The Clawback Motion was then timely filed on March 8, 2013. [Docket Entry No. 75]. Wambold filed opposition on April 1, 2013. [Docket Entry Nos. 83, 84, 85]. Soon thereafter, the parties advised the undersigned that they were again engaging in the mediation process, and the Clawback Motion, along with Wambold's Motion to Amend, were put on hold.
On August 22, 2013, the Court conducted another status conference, during which counsel advised that Bayliss had reached a settlement with all Defendants. Wambold had not, however, settled the claims he had raised against the State.

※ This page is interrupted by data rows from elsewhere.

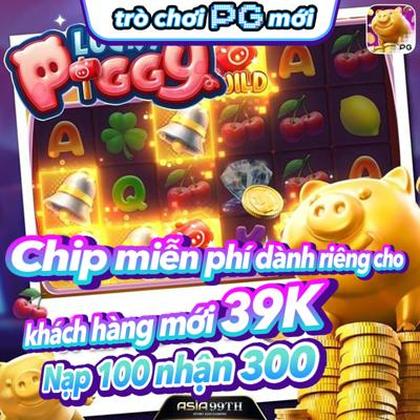 POPN1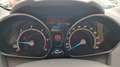 Ford Fiesta 1.5 tdci ST-line 75cv FK033 Nero - thumbnail 13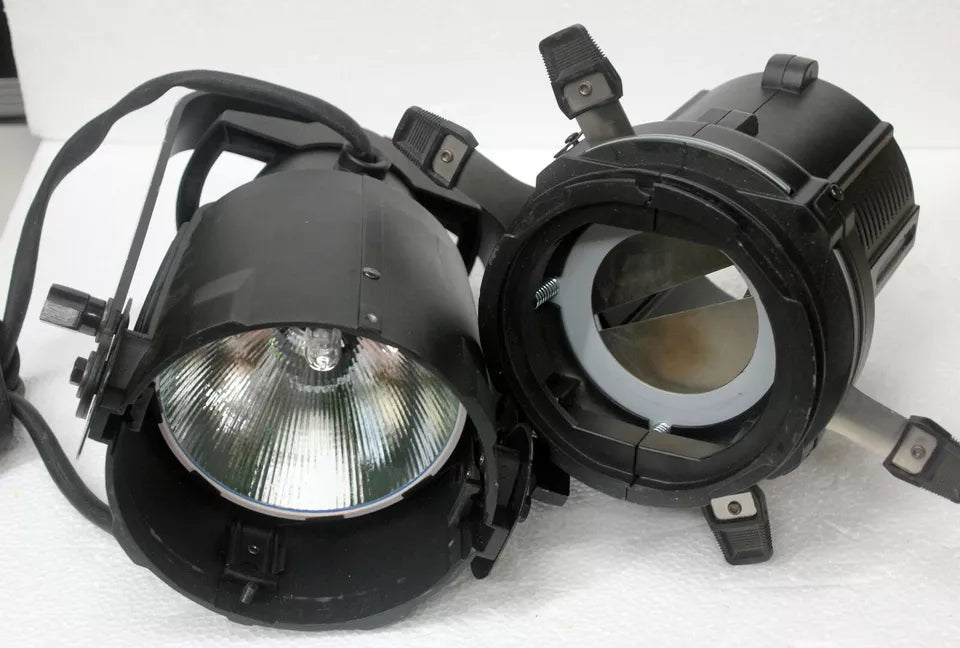Elation Opti Profile MN750 Theater Stage Light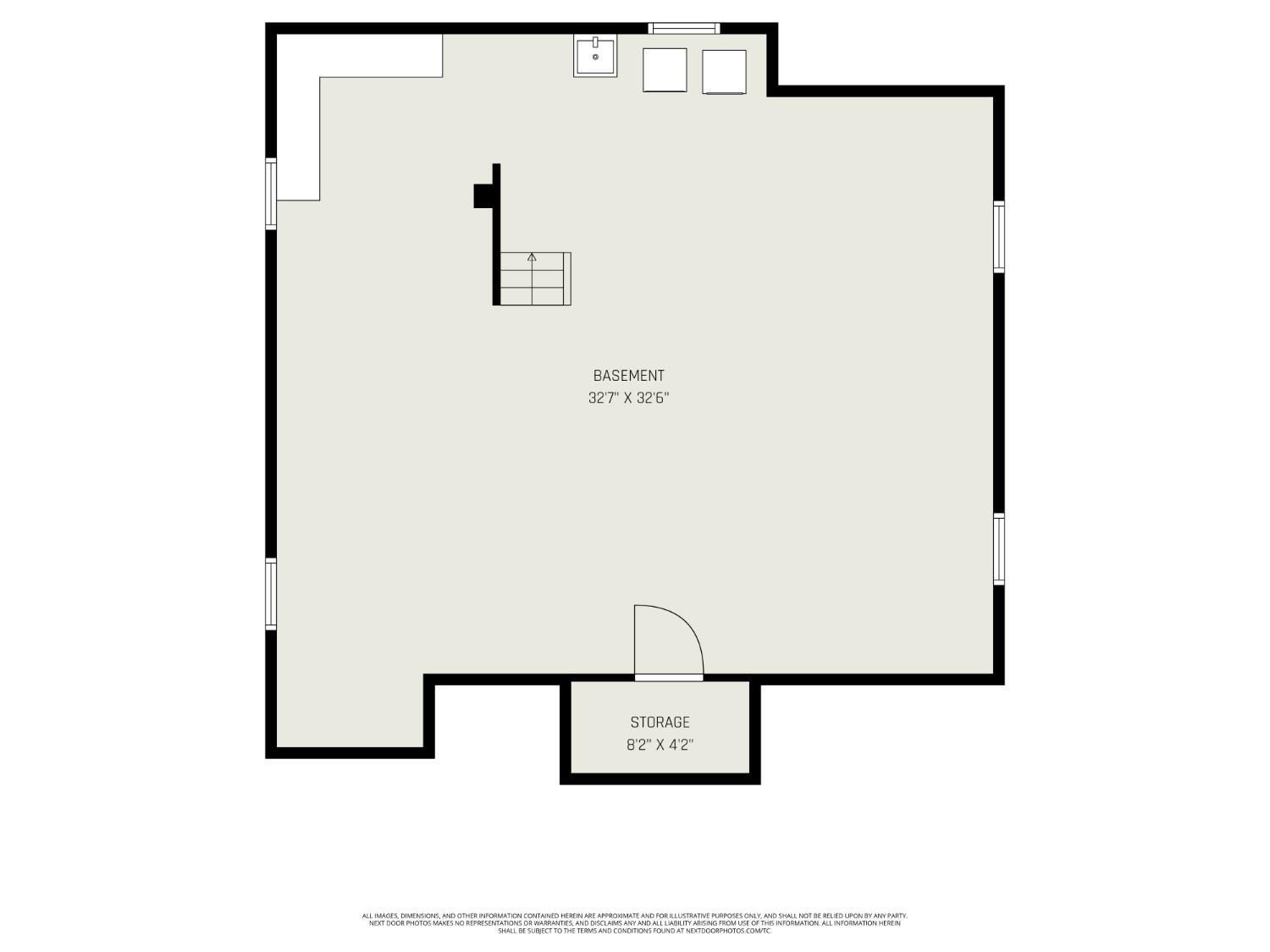 Homes for sale in Middletown, OH | 515 Stanley St, Middletown, OH 45044 | MLS# 1864242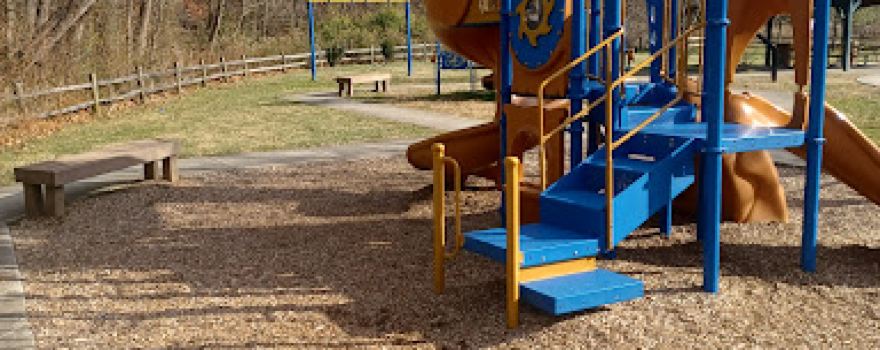 Linden Park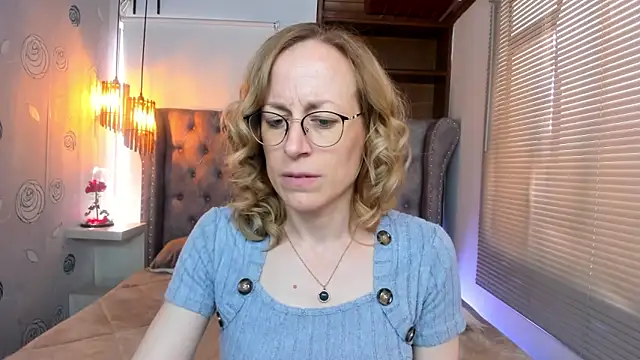 SammySanders online show from February 2025 03:18:01 PM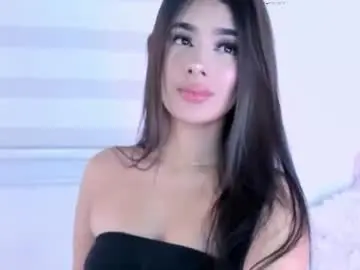 Britanylin__  live sex cam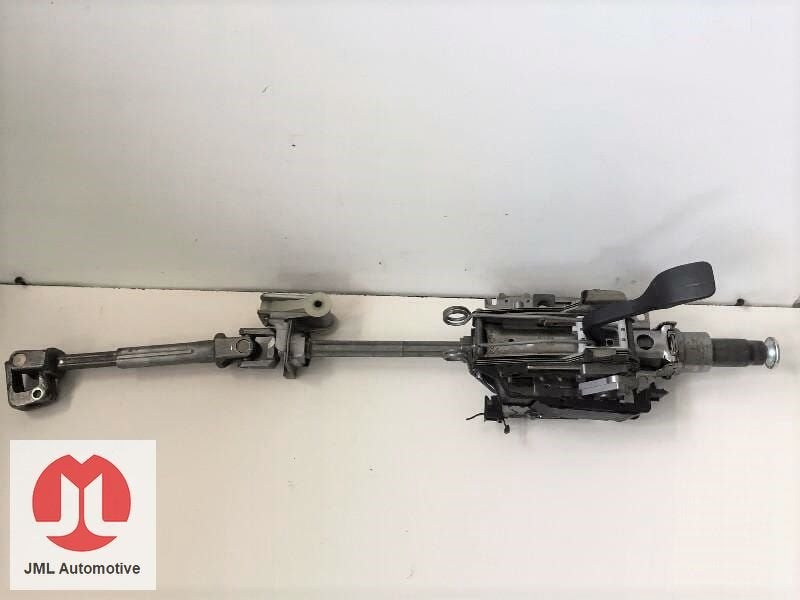 STUURKOLOM SEAT IBIZA, Auto-onderdelen, Gebruikt, -, -, Ophalen of Verzenden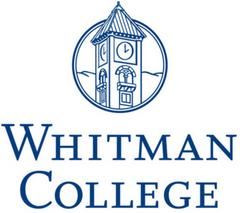 mercer island undergrads at 2013 whitman college conference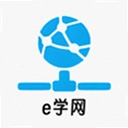 �д�eѧϰ1.0.0 ���°�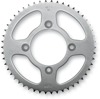 Rear Steel Sprocket 428 50T - For XR100R CRF100F CRF125F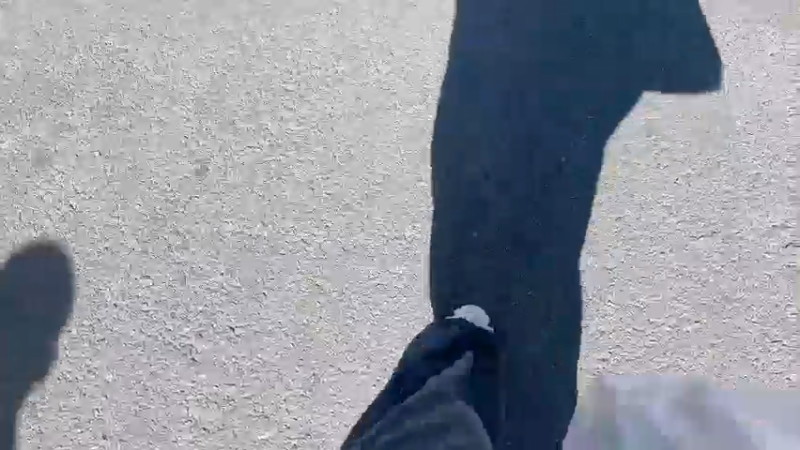 【2023-12-08 13点场】了憨憨UwU：主播周四至周六出门办事，偶尔开开户外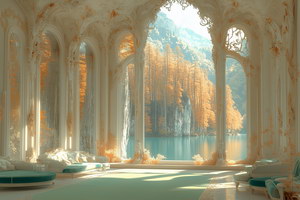 ����� ������������������ ���������� ��������. ������� � ������� � ���������� ������� - 14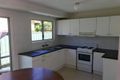 Property photo of 32 Strathallen Drive Boronia Heights QLD 4124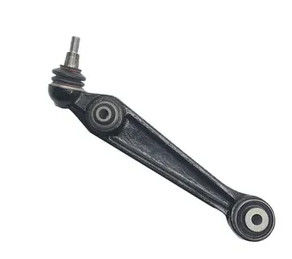 Buy BMW 31126864821 Chassis Parts Front Left Lower Rearward Suspension Control Arm online manufacture
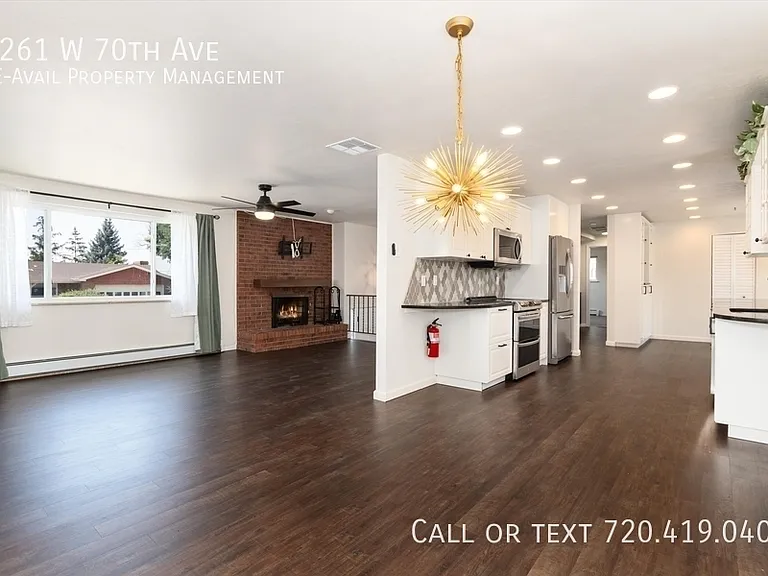8261 W 70th Ave — Photo 17
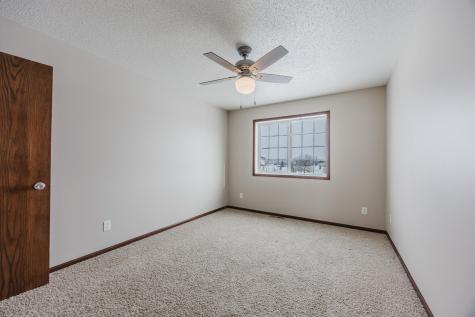 3698 N Sedona Court West Fargo ND 58078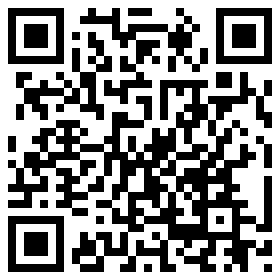qrcode für Eaton 2D16Q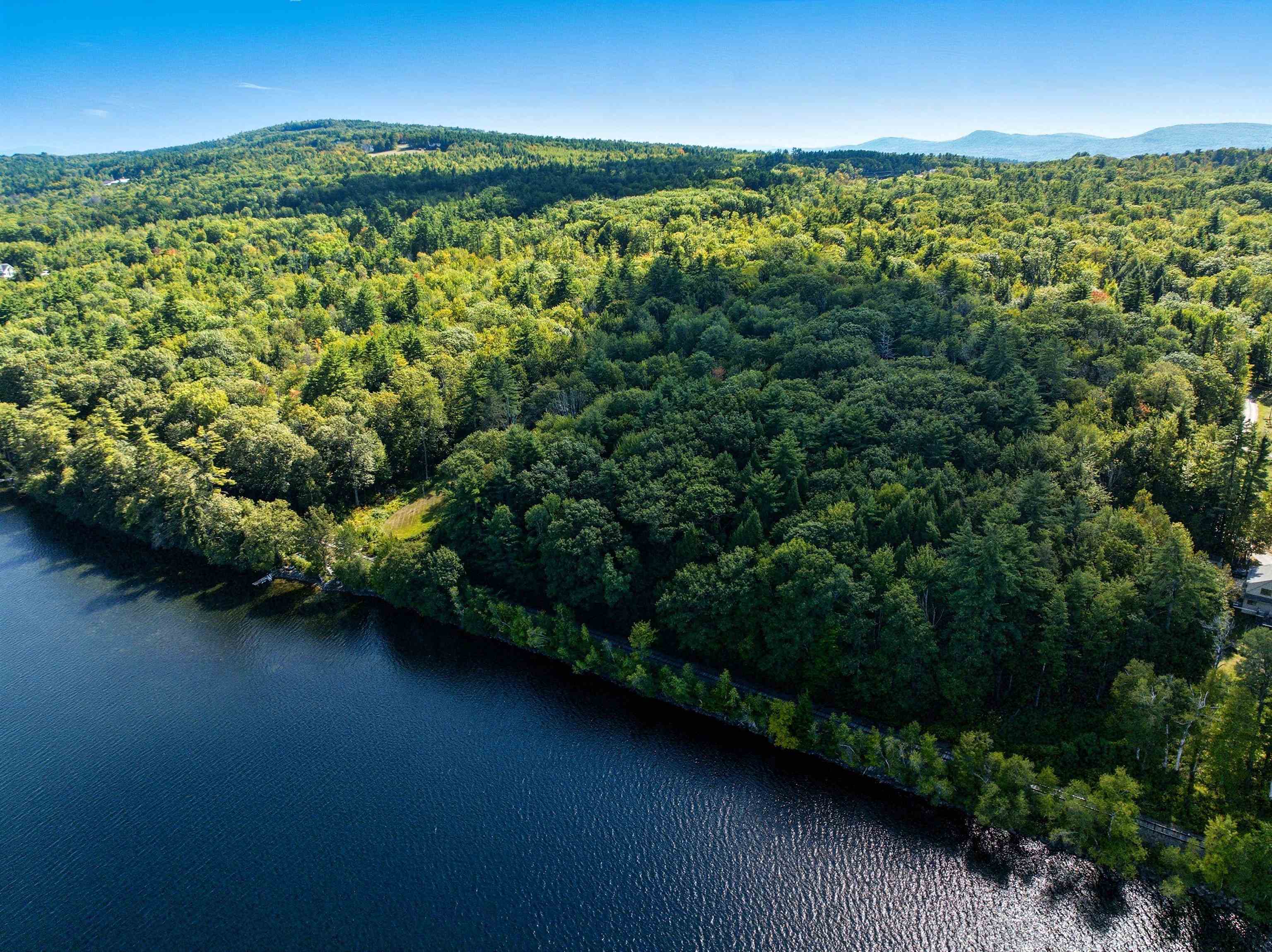 MLS #5062335 image #13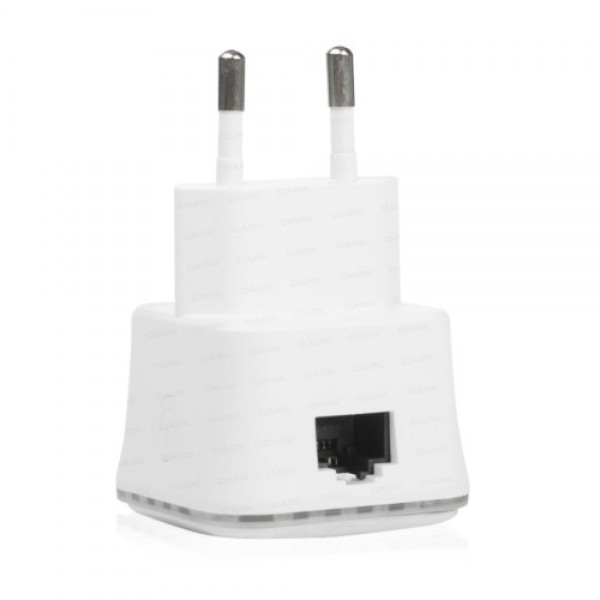 Dark RangeMAX Mini WRT360 Repeater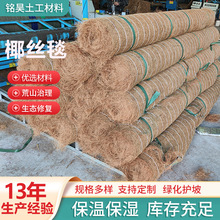 ���B�o��Ҭ�z̺���_����̺�ӵ�����߅�¾G�����o�������Ҭ�z̺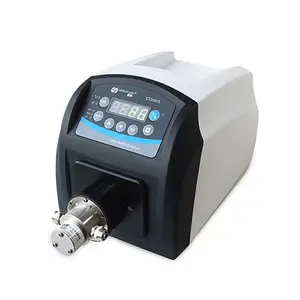 ����CT3001S΢�ͳ��ֱ� �����ͳ��ֱ� ����90��900����/����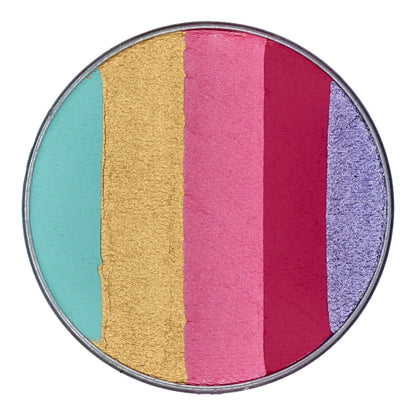 DREAM COLOURS Candy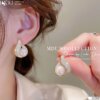 VLD037 – Nét Đẹp Uốn Lượn Thanh Thoát Cho Quý Cô Thời Thượng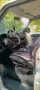 Volkswagen WV T4 2,4 Diesel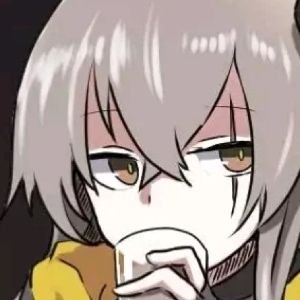 白班さんのプロフィール画像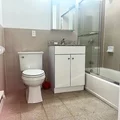 3 bedrooms apartment for rent in Greenpoint - Brooklyn, New York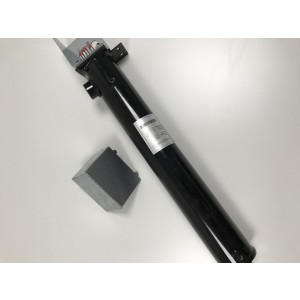 005aC. Elpatron kompl 11-16 med koppl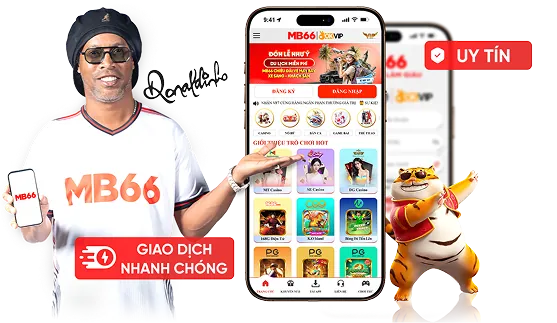 Đổi mới công nghệ và trải nghiệm người dùng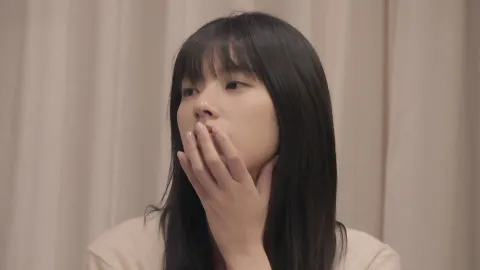 하트페어링 7화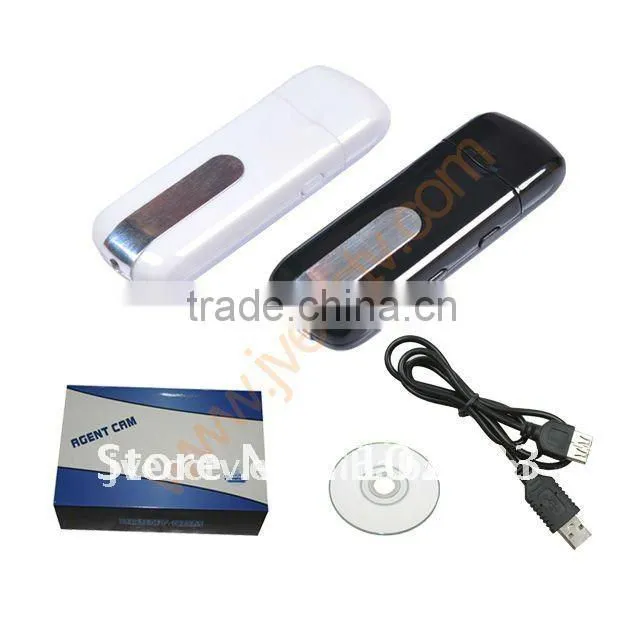 HD Motion Detection Mini usb speaker,mini portable speaker JVE-3333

The parties discussed the impact of the settlement on the issues pending in this matter, including whether this Court has jurisdiction over any remaining issues, particularly those raised in the Motion to Amend. The Motion to Amend was terminated and is to be the subject of further briefing if Wambold intends to pursue that motion; otherwise those claims will proceed in state court, where separate actions in which the same claims have been asserted are already pending. In the interim, the State has indicated that it still seeks to have a decision from this Court on the Clawback Motion.
II. LEGAL STANDARD
The issue before the Court is whether the Review Sheets must be returned to the State based upon an inadvertent production of documents protected by the deliberative process privilege. Fed.R.Civ.P. 26(b)(5)(B) provides in relevant part:
Information Produced. If information produced in discovery is subject to a claim of privilege... the party making the claim may notify any party that received the information of the claim and the basis for it. After being notified, a party must promptly return, sequester, or destroy the specified information and any copies it has; must not use or disclose the information until the claim is resolved; must take reasonable steps to retrieve the information if the party disclosed it before being notified; and may promptly present the information to the court under seal for a determination of the claim. The producing party must preserve the information until the claim is resolved.
In determining whether documents that have been inadvertently produced must be returned, courts utilize a two-step process: first, the court must determine whether the documents at issue are in fact privileged. See Peterson v. Bernardi, 262 F.R.D. 424, 427 (D.N.J. 2009). If the documents are found to be privileged, the court must then decide whether the producing party waived that privilege. Id.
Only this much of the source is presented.